Amazon Lex provides pre-built integration with AWS Lambda, and you can easily integrate with many other services on the AWS platform, including Amazon Cognito, AWS Mobile Hub, Amazon CloudWatch, and Amazon DynamoDB. Integration with Lambda provides bots access to pre-built serverless enterprise connectors to link to data in SaaS applications, such as Salesforce, HubSpot, or Marketo.
The following are the benefits of Amazon Lex:
- Integrated role-based access control across all AWS services (IAM)
- Comprehensive, cross-service API audit logging and security (CloudTrail)
- Integration with other AWS services (24×7 support and consolidated billing)
- Training and architectural patterns/guidance (well architected)
- A fully managed service, Amazon Lex scales automatically
- Easy-to-use console to guide you through the process
- Built-in integration with the AWS platform
- Amazon Lex bot processes voice or text input in conversation
- Helps build a complete natural language model
Google Contact Center AI
Google Cloud provides loads of AI based solutions, which are integrated with Google Contact Center AI services for virtual assistance.
A few important components that strengthen the capabilities of Contact Center AI (CCAI) of Google Cloud, and are in general availability mode (GA) now, are listed below.
Dialogflow CX: During customer assistance calls, complex queries need to be handled. Supplemental questions need a quick search of the knowledge base to quickly help human agents frame an appropriate reply. Dialogflow CX agents build on Google’s NLU algorithms to handle these search capabilities.
Agent Assist: This is built with AI assisted conversational services to prepare recommended answer choices for human agents to choose from when replying to customer queries.

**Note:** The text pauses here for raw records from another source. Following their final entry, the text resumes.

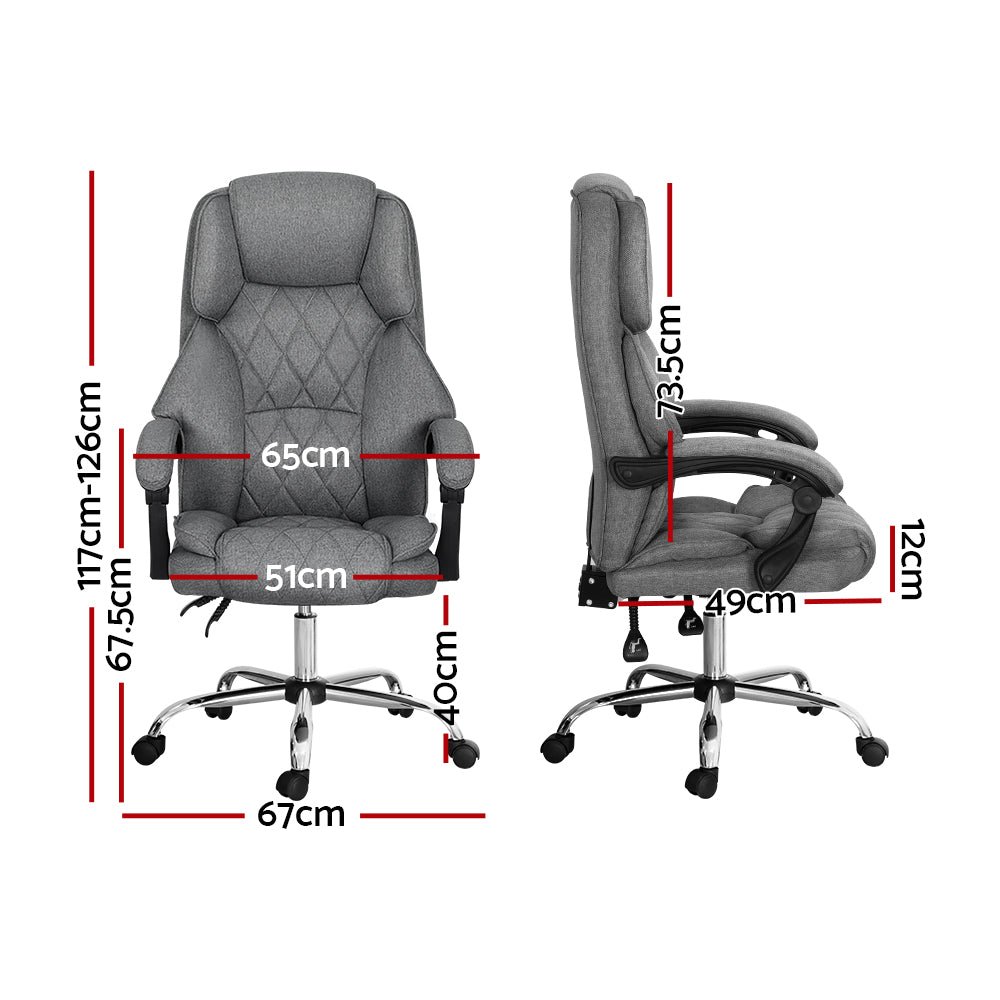 Executive Office Chair Fabric Recliner Grey - Furniture > Bar Stools & Chairs - Rivercity House & Home Co. (ABN 18 642 972 209) - Affordable Modern Furniture Australia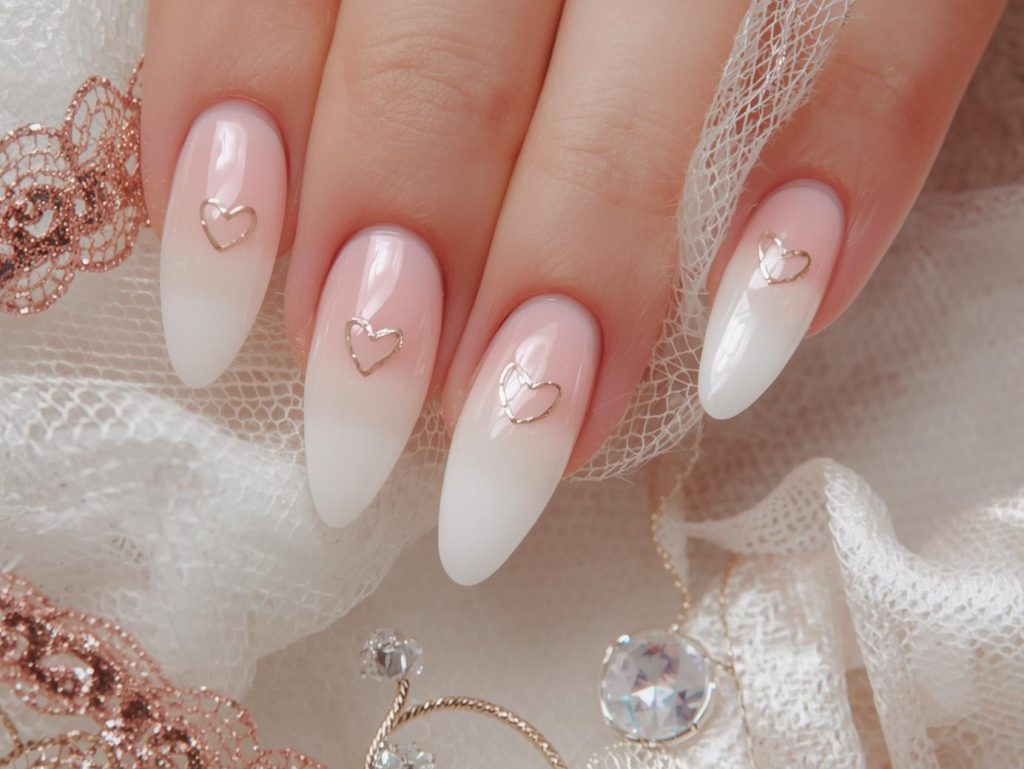 Ivory ombre nail art with rose gold heart details.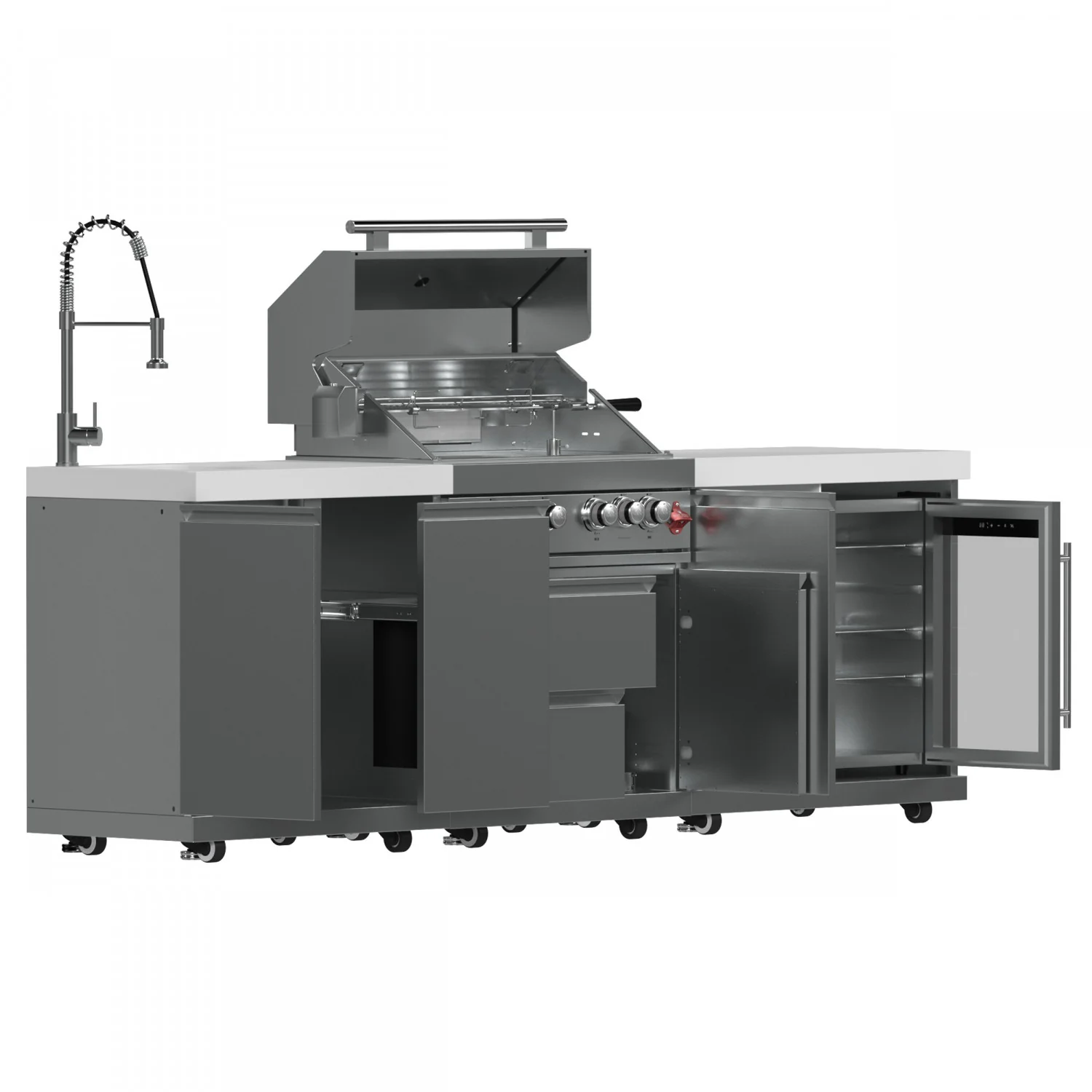 Forno Bulnes White Countertop Outdoor Kitchen with 30" 60,000 BTU BBQ and Beverage Centre - FODKT2506WHT - Image 4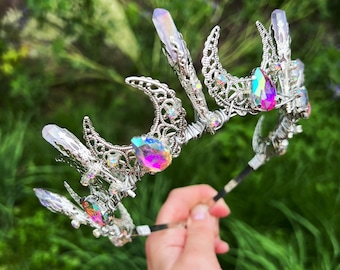Crystal Aura Quartz Crown with Silver Detailing Angel Dust Crystal Crown with Angel Aura Quartz | Little  main image 4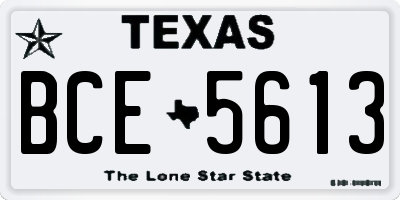 TX license plate BCE5613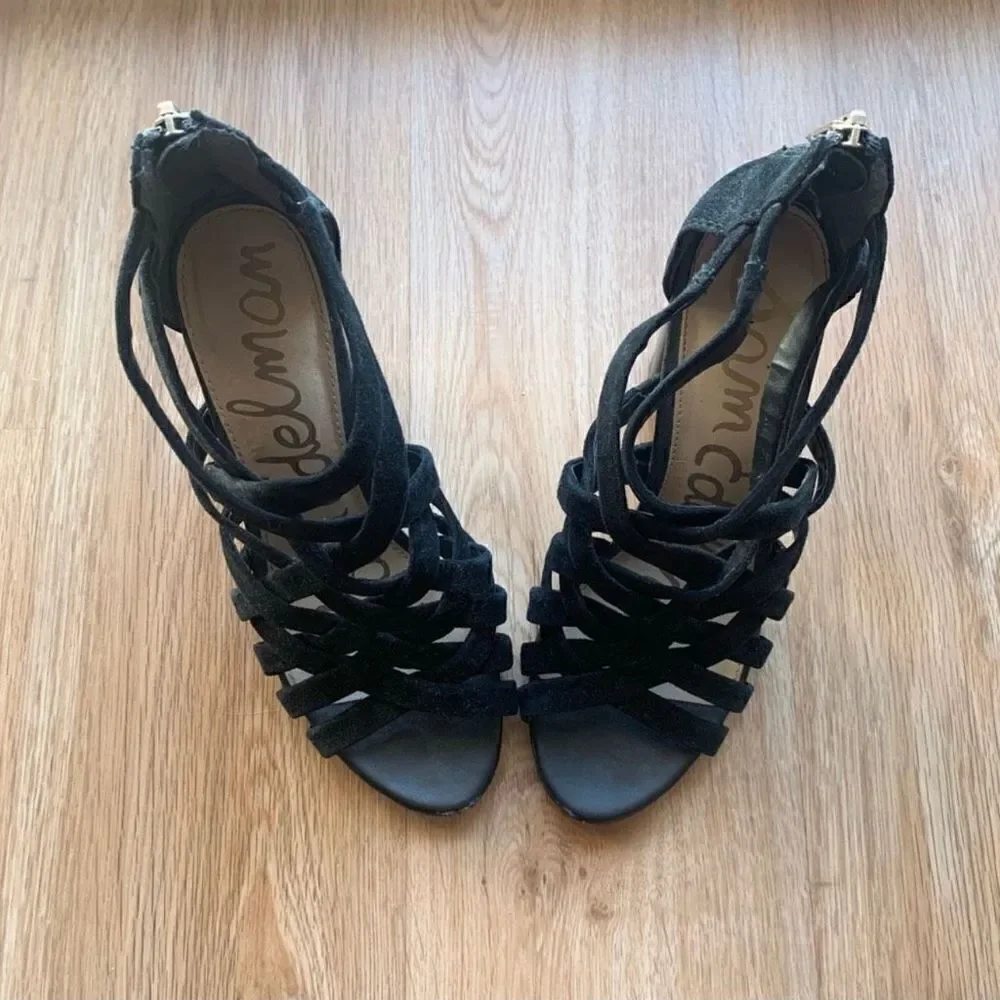 Sam Edelman Strappy Criss-Cross Cage Block Heels 6.5 EUC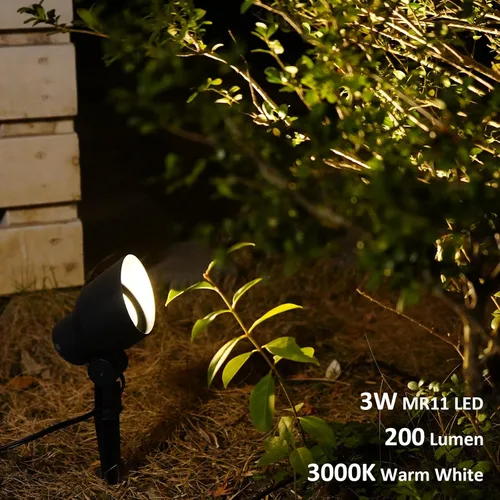 Miniatura 5 de GOODSMANN Foco de bajo voltaje 12V AC Iluminación de paisaje 3W Bombilla LED reemplazable 200 lúmenes 3000K blanco cálido al aire libre con conector
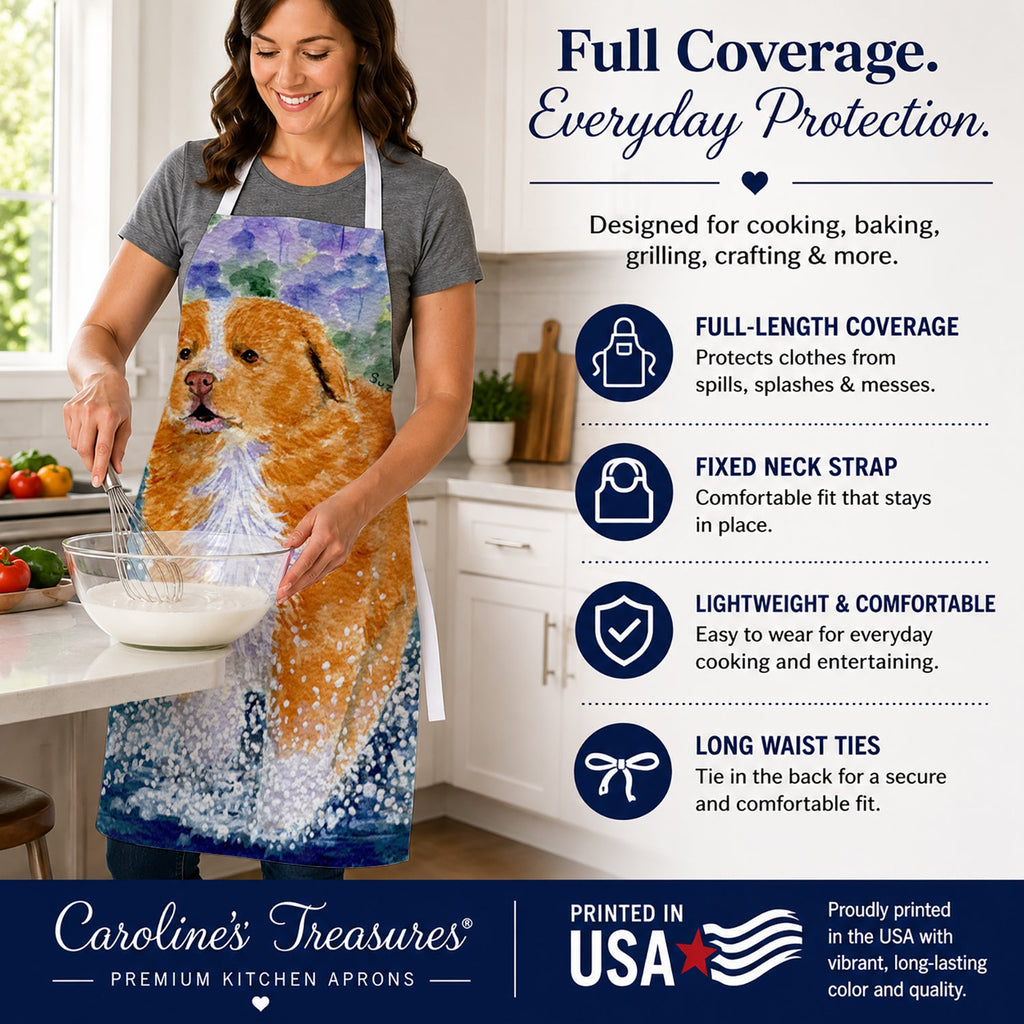 Nova Scotia Duck Toller Apron Cooking Kitchen Server Baking Crafts Gardening for Adult Women Men, Unisex, Large, Multicolor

It uses a centralised knowledge base to prepare ready-to-use responses and also transcribe live calls in different languages. This aids AI enabled processing in the backend for training AI models to analyse frequently asked questions, answer patterns and customer groups based on interest.
CCAI Insights: From voice enabled calls to chat based text analysis, CCAI Insights helps to prepare metrics analysis, sentiment analysis and ratings to answers using the NLP capabilities of Google Cloud. This helps to analyse customer interactions and improve customer connects (chat/voice).
Google CCAI services include text to speech and speech to text conversion, sentiment analysis, ranking of responses, integrated IVR services and NLP to provide unified customer support powered by Google Cloud AI services.
IBM Watson is a data analytics processor that uses NLP. It performs analytics on the vast repositories of data that it processes to answer human-posed questions, often in a fraction of a second.
IBM Watson’s cognitive and analytical capabilities enable it to respond to human speech, process vast stores of data, and return answers to questions that companies could never solve before.
The advantages of IBM Watson AI are:
- It gives you complete control of what is important to you and therefore the foundation of your competitive advantage, your data, models, learning, and API.
- Watson learns more from less because of its high learning power.
- It was initially available only on IBM Cloud but is now portable across any cloud-powered business. This prevents customers from being locked into one vendor and enables them to start deploying AI wherever their data resides.
- With new AI solutions like Meta’s BlenderBot and Microsoft Cortana, conversational AI has moved up to the next level in new age solutions across different sectors.